The Striking French

Driving to the first of two yoga teaching gigs yesterday, I listened to a report on NPR that Paris was all but shut down by unions striking against the proposed rise of retirement age from — get this — 60 to 62.   Flights were disrupted and even the Eiffel Tower was closed to tourists.  A few weeks ago, when the movement (if one can call it that) for status quo was just heating up, I heard a couple who had just turned 60, offer an argument you won’t hear on this side of the Atlantic so much these days, that they some how deserve to retire.  They felt they had paid into the pension funds and were fortunate that their pensions would not be threatened by the new law, if indeed it is passed.  In the background, one could hear the voices of their grandchildren for whom they offer care one afternoon a week because they enjoy it.

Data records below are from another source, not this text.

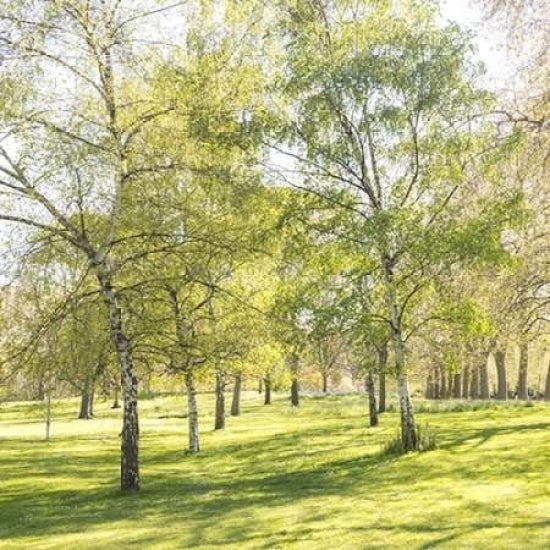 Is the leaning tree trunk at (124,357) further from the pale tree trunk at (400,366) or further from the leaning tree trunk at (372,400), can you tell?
the leaning tree trunk at (372,400)

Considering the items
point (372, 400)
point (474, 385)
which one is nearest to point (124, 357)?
point (372, 400)

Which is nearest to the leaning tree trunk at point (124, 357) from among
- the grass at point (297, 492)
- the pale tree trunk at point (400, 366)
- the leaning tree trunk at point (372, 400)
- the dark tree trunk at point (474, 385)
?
the grass at point (297, 492)

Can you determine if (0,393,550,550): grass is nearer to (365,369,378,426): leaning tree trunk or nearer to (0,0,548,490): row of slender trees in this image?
(365,369,378,426): leaning tree trunk

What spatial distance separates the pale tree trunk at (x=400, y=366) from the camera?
69.5 feet

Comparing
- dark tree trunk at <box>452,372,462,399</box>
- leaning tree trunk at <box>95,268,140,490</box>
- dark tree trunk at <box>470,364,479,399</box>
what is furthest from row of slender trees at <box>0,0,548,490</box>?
dark tree trunk at <box>452,372,462,399</box>

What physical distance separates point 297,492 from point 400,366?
17.2 ft

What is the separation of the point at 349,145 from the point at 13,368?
38.4ft

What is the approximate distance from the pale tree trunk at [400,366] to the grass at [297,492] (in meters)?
0.88

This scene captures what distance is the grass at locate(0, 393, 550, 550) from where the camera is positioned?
12.8 meters

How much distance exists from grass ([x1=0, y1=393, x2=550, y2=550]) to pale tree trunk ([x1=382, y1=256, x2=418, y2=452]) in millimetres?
880

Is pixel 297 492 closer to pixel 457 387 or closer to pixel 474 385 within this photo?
pixel 474 385

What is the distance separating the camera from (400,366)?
20.9 metres

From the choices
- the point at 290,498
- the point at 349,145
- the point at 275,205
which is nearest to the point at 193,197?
the point at 275,205

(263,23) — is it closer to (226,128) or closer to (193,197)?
(226,128) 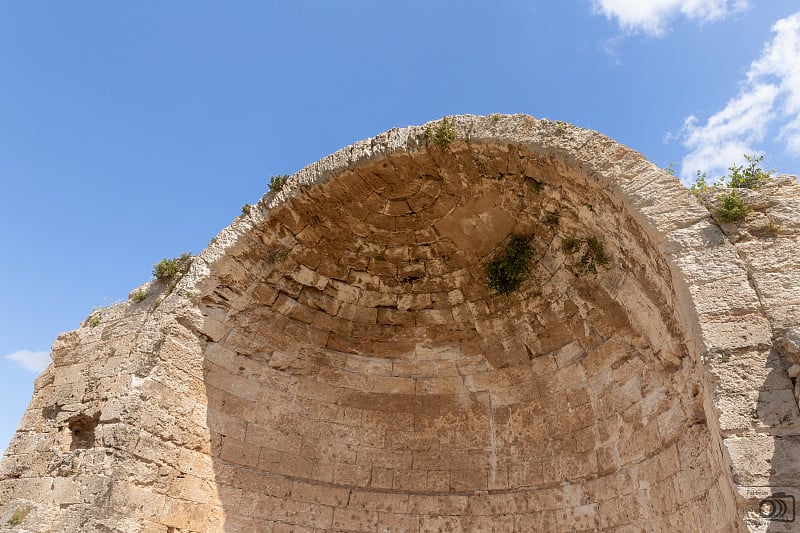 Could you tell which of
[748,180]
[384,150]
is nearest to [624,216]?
[748,180]

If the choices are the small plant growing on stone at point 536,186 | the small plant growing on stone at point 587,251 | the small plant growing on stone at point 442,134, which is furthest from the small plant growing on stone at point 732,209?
the small plant growing on stone at point 442,134

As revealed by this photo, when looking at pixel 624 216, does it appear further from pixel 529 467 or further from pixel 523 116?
pixel 529 467

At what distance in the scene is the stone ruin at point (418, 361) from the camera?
529 cm

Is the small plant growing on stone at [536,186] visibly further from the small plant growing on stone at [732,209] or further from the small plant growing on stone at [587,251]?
the small plant growing on stone at [732,209]

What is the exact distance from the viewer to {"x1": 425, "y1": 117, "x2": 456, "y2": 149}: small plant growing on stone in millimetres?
6023

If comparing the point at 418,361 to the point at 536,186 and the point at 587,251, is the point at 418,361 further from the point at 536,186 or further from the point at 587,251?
the point at 536,186

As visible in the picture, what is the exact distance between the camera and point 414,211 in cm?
683

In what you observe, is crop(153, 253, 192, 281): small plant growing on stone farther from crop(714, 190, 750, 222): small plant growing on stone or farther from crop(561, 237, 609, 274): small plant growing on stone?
crop(714, 190, 750, 222): small plant growing on stone

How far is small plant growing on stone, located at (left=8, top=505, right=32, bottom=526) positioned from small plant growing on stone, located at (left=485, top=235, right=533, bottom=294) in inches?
Result: 199

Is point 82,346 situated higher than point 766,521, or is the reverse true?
point 82,346

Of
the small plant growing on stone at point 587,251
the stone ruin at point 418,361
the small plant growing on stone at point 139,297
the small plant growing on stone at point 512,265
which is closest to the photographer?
the stone ruin at point 418,361

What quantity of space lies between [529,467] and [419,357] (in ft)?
5.69

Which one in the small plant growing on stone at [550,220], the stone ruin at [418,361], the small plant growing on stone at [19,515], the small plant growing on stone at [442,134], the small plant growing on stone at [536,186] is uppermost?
the small plant growing on stone at [442,134]

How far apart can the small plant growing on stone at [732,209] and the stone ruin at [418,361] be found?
0.10 m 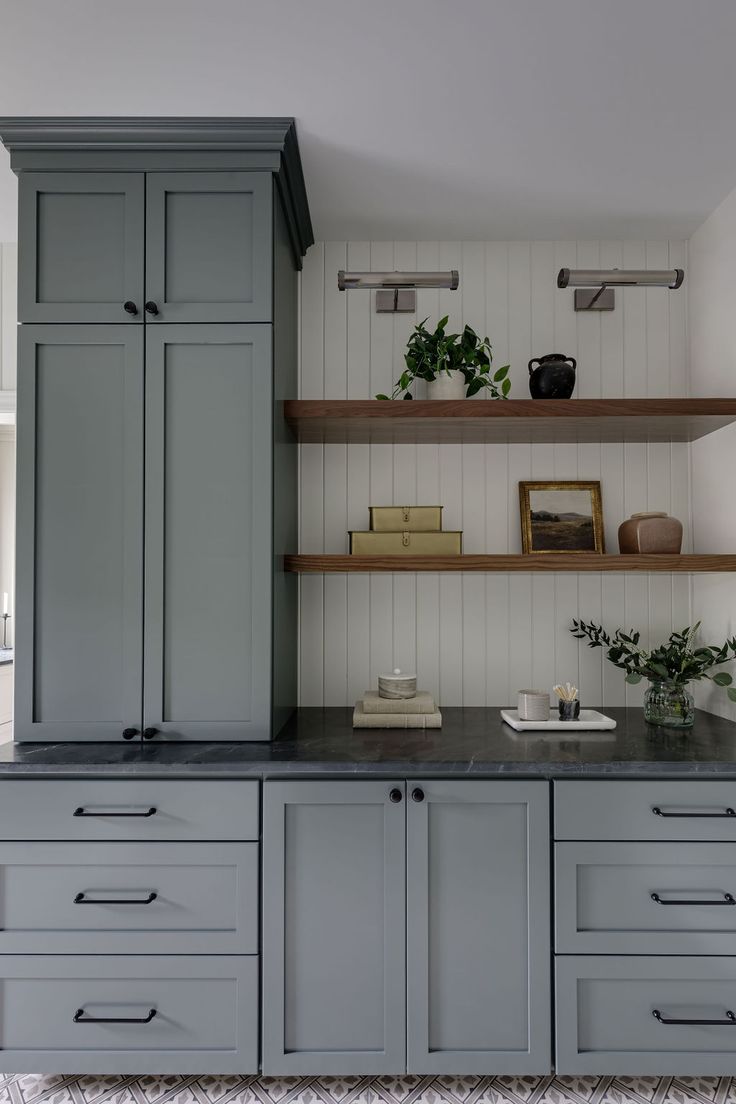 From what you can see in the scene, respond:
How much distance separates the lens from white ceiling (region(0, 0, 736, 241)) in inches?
60.7

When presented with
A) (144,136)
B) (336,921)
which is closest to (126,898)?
(336,921)

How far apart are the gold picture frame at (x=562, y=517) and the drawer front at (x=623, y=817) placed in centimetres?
92

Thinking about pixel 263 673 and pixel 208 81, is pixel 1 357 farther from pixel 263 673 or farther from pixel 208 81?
pixel 263 673

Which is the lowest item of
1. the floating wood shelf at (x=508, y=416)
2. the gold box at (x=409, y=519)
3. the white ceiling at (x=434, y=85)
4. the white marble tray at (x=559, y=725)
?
the white marble tray at (x=559, y=725)

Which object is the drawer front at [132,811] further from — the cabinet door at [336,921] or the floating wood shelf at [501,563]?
the floating wood shelf at [501,563]

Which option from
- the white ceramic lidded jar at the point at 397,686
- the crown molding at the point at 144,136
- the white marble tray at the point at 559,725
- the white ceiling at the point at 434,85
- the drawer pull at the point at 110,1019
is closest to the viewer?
the white ceiling at the point at 434,85

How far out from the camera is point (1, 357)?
2.56m

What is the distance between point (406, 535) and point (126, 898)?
133 centimetres

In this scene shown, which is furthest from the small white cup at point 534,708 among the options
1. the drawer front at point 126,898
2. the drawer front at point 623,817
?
the drawer front at point 126,898

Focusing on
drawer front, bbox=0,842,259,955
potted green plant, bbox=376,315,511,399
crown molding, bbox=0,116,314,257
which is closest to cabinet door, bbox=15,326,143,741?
drawer front, bbox=0,842,259,955

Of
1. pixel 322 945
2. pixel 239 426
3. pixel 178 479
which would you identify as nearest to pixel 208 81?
pixel 239 426

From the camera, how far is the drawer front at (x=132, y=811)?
1.75 meters

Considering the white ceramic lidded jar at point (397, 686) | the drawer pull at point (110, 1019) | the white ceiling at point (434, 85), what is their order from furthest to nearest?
1. the white ceramic lidded jar at point (397, 686)
2. the drawer pull at point (110, 1019)
3. the white ceiling at point (434, 85)

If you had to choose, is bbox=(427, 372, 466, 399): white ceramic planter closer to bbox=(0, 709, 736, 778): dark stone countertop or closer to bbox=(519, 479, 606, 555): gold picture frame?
bbox=(519, 479, 606, 555): gold picture frame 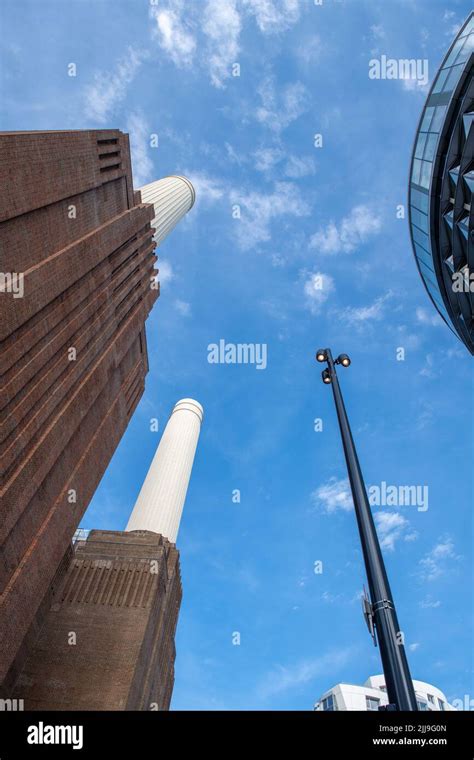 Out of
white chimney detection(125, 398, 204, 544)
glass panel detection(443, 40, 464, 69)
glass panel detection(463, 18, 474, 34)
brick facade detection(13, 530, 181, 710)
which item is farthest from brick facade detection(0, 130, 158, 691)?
white chimney detection(125, 398, 204, 544)

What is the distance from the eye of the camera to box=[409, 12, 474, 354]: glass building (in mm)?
21312

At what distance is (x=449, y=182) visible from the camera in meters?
23.5

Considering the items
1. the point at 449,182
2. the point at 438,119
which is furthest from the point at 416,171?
the point at 438,119

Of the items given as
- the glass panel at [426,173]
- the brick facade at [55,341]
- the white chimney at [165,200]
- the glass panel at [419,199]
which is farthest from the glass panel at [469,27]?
the white chimney at [165,200]

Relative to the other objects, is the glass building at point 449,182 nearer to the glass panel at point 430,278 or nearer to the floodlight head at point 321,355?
the glass panel at point 430,278

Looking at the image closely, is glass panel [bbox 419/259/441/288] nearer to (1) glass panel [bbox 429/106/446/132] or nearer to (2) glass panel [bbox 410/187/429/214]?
(2) glass panel [bbox 410/187/429/214]

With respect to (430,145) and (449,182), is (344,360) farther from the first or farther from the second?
(430,145)

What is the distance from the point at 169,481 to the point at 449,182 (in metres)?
36.0

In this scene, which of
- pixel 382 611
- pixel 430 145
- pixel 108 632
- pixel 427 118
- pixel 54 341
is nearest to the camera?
pixel 382 611

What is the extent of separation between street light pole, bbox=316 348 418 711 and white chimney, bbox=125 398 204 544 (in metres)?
32.5

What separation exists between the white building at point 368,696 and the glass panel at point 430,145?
217 feet

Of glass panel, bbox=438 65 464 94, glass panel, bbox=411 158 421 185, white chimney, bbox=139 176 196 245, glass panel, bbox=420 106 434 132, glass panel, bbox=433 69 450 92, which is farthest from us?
white chimney, bbox=139 176 196 245

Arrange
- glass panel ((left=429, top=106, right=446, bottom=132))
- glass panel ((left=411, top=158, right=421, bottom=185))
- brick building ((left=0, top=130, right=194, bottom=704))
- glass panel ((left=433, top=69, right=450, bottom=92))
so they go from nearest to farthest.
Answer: brick building ((left=0, top=130, right=194, bottom=704))
glass panel ((left=429, top=106, right=446, bottom=132))
glass panel ((left=433, top=69, right=450, bottom=92))
glass panel ((left=411, top=158, right=421, bottom=185)) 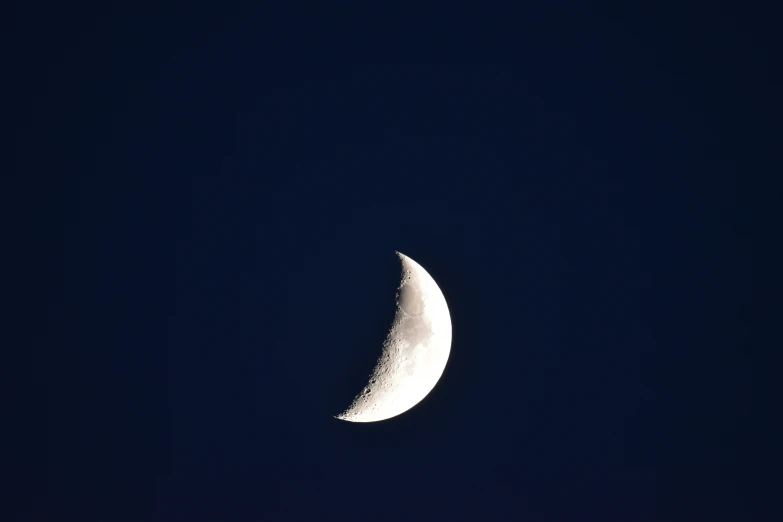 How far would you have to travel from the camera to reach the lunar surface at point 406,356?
4.55 m

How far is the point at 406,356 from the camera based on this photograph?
455 cm

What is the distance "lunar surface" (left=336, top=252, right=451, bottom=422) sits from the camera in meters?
4.55

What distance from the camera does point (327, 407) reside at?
14.8 ft

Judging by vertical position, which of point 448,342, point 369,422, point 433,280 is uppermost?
point 433,280

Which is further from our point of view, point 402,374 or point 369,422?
point 369,422

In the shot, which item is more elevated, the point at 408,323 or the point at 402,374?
the point at 408,323

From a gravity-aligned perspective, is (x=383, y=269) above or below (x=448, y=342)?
above

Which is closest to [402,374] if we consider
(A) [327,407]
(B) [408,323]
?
(B) [408,323]

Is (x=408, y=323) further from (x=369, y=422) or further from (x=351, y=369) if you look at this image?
(x=369, y=422)

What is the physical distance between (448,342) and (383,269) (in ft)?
3.17

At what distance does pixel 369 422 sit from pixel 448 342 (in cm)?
116

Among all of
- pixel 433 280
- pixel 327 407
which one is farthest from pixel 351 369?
pixel 433 280

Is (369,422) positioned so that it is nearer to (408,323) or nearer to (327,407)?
(327,407)

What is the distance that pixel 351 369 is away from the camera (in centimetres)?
450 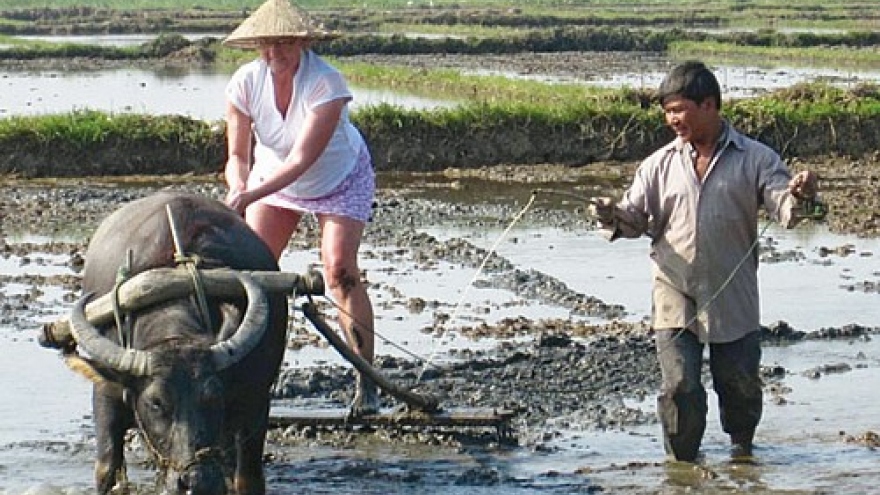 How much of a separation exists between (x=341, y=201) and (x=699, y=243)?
4.62ft

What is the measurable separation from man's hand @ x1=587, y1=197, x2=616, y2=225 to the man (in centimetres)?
1

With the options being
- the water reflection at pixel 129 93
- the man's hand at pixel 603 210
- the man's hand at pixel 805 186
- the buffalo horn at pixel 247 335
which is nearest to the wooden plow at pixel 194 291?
the buffalo horn at pixel 247 335

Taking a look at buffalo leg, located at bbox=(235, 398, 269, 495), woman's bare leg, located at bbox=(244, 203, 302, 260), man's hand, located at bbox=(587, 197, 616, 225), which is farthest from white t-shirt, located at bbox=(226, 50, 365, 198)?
buffalo leg, located at bbox=(235, 398, 269, 495)

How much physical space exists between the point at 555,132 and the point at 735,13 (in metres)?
37.3

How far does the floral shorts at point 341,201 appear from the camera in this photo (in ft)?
21.8

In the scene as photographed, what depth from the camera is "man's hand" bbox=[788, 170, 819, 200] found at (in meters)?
5.70

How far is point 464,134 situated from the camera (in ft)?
54.8

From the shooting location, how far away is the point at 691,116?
6.03 m

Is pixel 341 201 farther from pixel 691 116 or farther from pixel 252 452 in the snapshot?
pixel 691 116

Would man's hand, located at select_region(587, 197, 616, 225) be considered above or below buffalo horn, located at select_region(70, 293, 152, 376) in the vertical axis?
above

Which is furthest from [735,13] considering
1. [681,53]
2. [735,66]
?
[735,66]

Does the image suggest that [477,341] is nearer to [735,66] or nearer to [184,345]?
[184,345]

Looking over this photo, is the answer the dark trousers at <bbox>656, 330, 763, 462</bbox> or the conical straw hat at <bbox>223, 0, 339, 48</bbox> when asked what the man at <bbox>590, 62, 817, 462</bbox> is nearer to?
the dark trousers at <bbox>656, 330, 763, 462</bbox>

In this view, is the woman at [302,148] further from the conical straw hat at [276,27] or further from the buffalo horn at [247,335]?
the buffalo horn at [247,335] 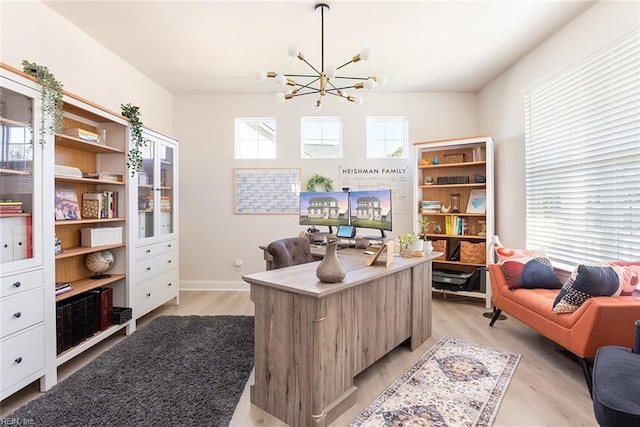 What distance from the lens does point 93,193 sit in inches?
108

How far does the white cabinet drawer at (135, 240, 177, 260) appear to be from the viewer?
9.96 ft

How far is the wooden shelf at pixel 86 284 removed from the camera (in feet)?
7.52

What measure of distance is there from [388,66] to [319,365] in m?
3.25

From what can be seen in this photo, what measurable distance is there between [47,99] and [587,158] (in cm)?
415

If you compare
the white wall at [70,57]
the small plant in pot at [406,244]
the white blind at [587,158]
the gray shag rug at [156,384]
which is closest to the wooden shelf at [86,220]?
the gray shag rug at [156,384]

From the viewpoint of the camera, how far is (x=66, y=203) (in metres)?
2.49

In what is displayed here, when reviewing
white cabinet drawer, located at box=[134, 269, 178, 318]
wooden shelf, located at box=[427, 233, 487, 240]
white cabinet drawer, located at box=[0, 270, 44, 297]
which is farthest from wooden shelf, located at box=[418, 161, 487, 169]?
white cabinet drawer, located at box=[0, 270, 44, 297]

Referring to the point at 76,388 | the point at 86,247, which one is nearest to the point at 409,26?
the point at 86,247

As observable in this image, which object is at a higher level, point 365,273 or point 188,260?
point 365,273

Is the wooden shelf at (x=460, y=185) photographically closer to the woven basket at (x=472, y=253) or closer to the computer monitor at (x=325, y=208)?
the woven basket at (x=472, y=253)

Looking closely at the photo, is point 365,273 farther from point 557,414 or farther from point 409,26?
point 409,26

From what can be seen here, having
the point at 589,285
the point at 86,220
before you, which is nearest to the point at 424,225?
the point at 589,285

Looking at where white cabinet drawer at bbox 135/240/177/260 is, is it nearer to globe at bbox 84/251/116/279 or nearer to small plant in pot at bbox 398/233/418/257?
globe at bbox 84/251/116/279

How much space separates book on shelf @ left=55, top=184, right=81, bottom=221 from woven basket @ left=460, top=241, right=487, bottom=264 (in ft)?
13.5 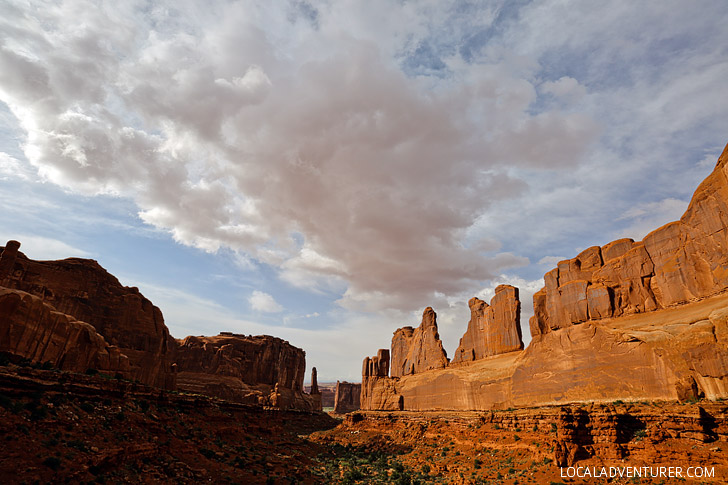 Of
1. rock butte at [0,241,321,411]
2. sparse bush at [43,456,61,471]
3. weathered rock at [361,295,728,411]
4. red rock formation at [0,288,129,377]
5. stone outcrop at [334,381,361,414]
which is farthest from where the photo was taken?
stone outcrop at [334,381,361,414]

Contrast this to the desire of most Americans — I’m one of them –to continue to work and not only out of financial necessity, although that is certainly a factor given the sorry rate of saving and investments of many older adults.  The new MetLife Mature Market Institute Study finds “startling” the news that many Early Boomers plan to remain in the labor market.  But if you’ve been following this blog for any length of time, you know that we believe that money is not the only driver for the choice to continue to work.  We happen to think we will remain healthier for it — that alone is a good way to give back.  And unlike our French cohorts, we take a certain pride in continuing to contribute actively to society and to the well-being of future generations, including our own grandchildren, if we have them.   I admire many things about French culture — the food, the art, the joie de vivre, and the fact that the welfare of children is a national priority.  How they will reconcile childcare costs with an aging population that wants to be supported for 25 or more years is the question.  Send in the grownups.

Generational Warfare

2 thoughts on “The Striking French

  1. smontg01

    I beg to differ that working longer keeps Americans healthier. Healthier than who? The French actually have a longer overall life expectancy than Americans. According to the UN, lifespan for the French is 80.7 years, compared to 78.2 years for Americans.

    We Americans are a workaholic nation whose social and family structures are not as cohesive as the French. We define ourselves by what we do. Almost the first question we ask someone new is “What do you do?” Not to work means to be seen (and see oneself) in some ways a non-entity, a non-contributor to society. No wonder Americans keep working past retirement age.

    In France, no one asks you on first acquaintance “What do you do?” and if you go to a party, people do not discuss work. There is more to life than work! In my opinion, it’s we Americans who have got it wrong.

    The French government may need to raise the retirement age for economic reasons, but that is a different matter.